Comparison of stain forming with sulfuric acid solution (top) and hydrofluoric acid solution (bottom). Image: Motoaki Sawabe

Worrying about blemishes on the skin is not just an issue for people who pursue personal physical beauty, but also for accelerator scientists. Scientists and engineers at KEK have found a way to deal with unwanted stains on the inner surface of superconducting cavities, which might be one of the causes of performance limitation.

Since the development of the Kyoto camera, a high-resolution camera that enables the optical inspection of the inner surface of niobium superconducting cavities, scientists have noticed that brownish stains exist on the cavity walls.
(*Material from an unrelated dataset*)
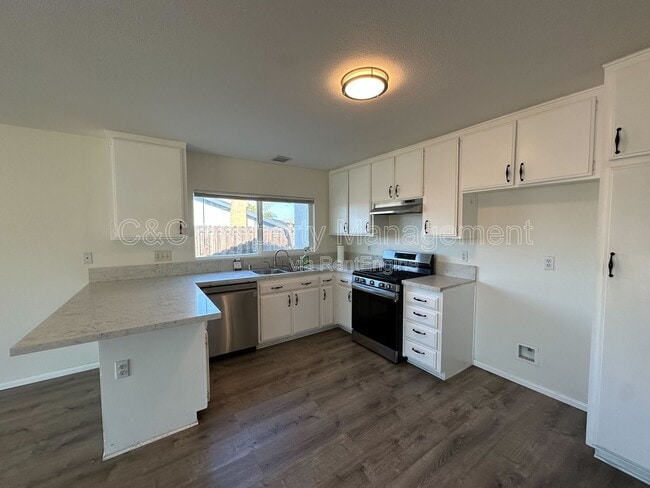 Building Photo - 823 Aspen St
When they were vertically tested to evaluate their performance, the stains were sometimes found around the spots where heating is observed.
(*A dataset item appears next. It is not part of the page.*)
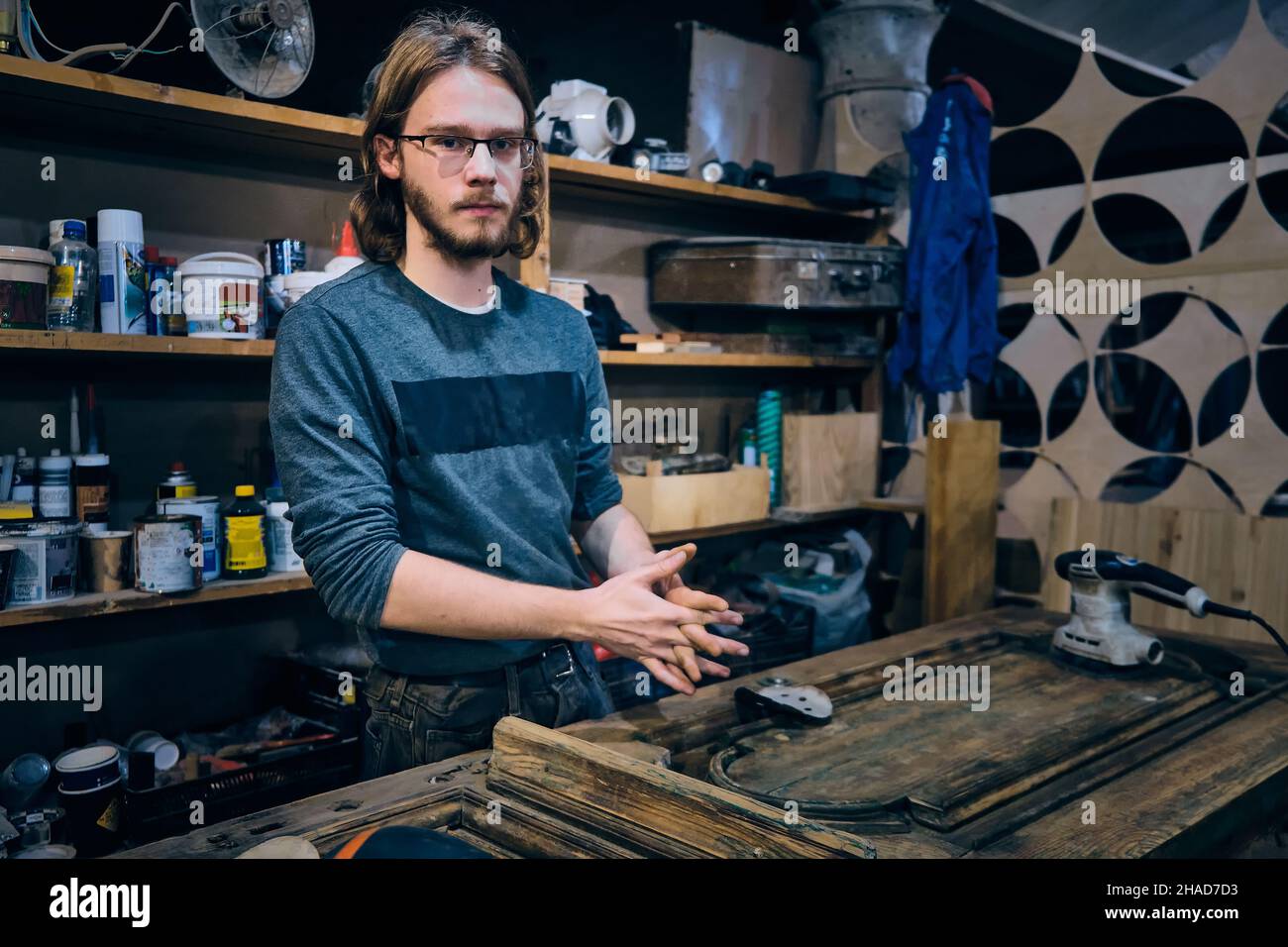 Mann in der Schreinerei Stockfoto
The inner surface of the superconducting cavities is polished to a mirror-like finish, since any defects of debris inside of cavity will interfere with its performance.

Fabricated cavities are at first coarsely electropolished, then annealed. This is followed by inspection and tuning. It is then given another electropolish finish for micro-level smoothness. Scientists suspected the brown spots probably formed at some point during this procedure.
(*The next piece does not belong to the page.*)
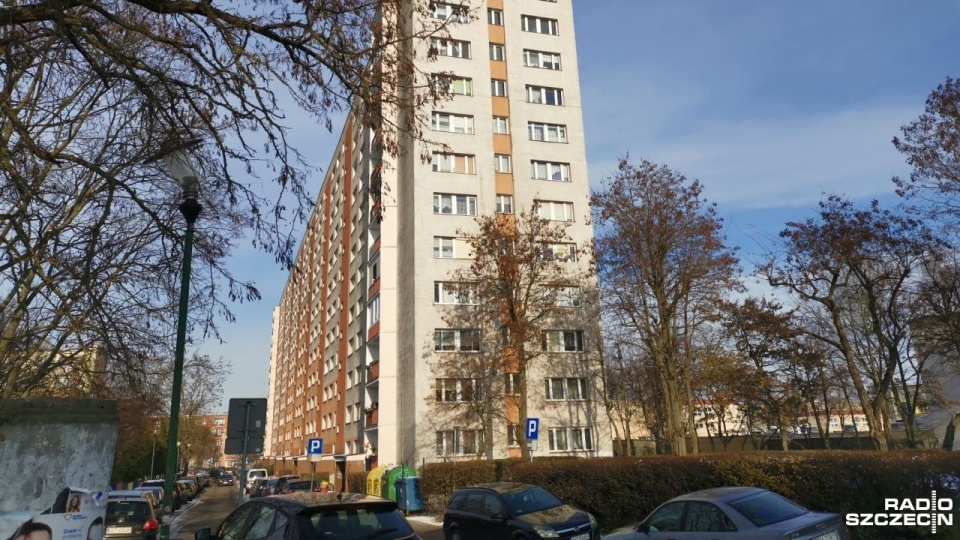 Ewa Pilarczyk, wiceprezes Spółdzielni Mieszkaniowej przyznaje, że stosowne ostrzeżenia umieszczono na klatkach schodowych w budynkach. Marek Synowiecki [Radio Szczecin]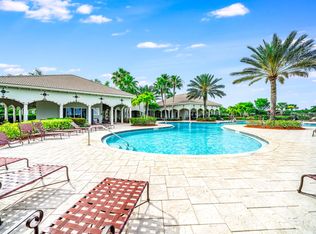 2010 NW Cataluna Cir, Port Saint Lucie, FL 34986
To understand what they are, Motoaki Sawabe and his colleagues at KEK’s STF surface research group decided to reproduce the stain. First, they dripped two microlitres of electropolishing solution on the chemically polished niobium plates. The plates were left for an hour, rinsed with pure water and dried at 50 degrees Celsius. They were able to reproduce the stain, but not every time.

Then they tried the same procedure with two different solutions: one containing sulfuric acid and another with hydrofluoric acid. Both acids are contained in the composition of the electropolishing solution. They found that the stains were only formed with the solution of hydrofluoric acid – the suspected cause of the stain.

So they conducted an elemental analysis using X-ray fluorescence, the method widely used for the investigation of metals, glass, ceramics or building materials. They detected fluorine and oxygen in the stain, which indicated that the stain is an oxide film containing fluorine. The next step was to determine where the oxygen came from. First they suspected that oxygen in the air was responsible and conducted experiments in a zero-percent oxygen environment purged with nitrogen, but stains still formed.

They then tested the cavities’ moisture, suspecting that oxygen comes from water, and – bingo! – the crisp stains were formed. With more detailed investigations, scientists found that the causes of the stain are moisture and vaporised hydrogen-fluoride from diluted electropolishing solution after rinsing. The hydrogen-fluoride vaporised when diluted, and they found that it vaporised in the very low-concentration electropolishing solution.

Based on these findings, scientists conducted a test with a single-cell cavity, and succeeded in preventing the stain from forming. They will soon conduct experiments with nine-cell cavities to better their understanding of stain formation.

“We are not sure if the stain really causes the performance limit,” said Sawabe. “But now we know how to deal with them.”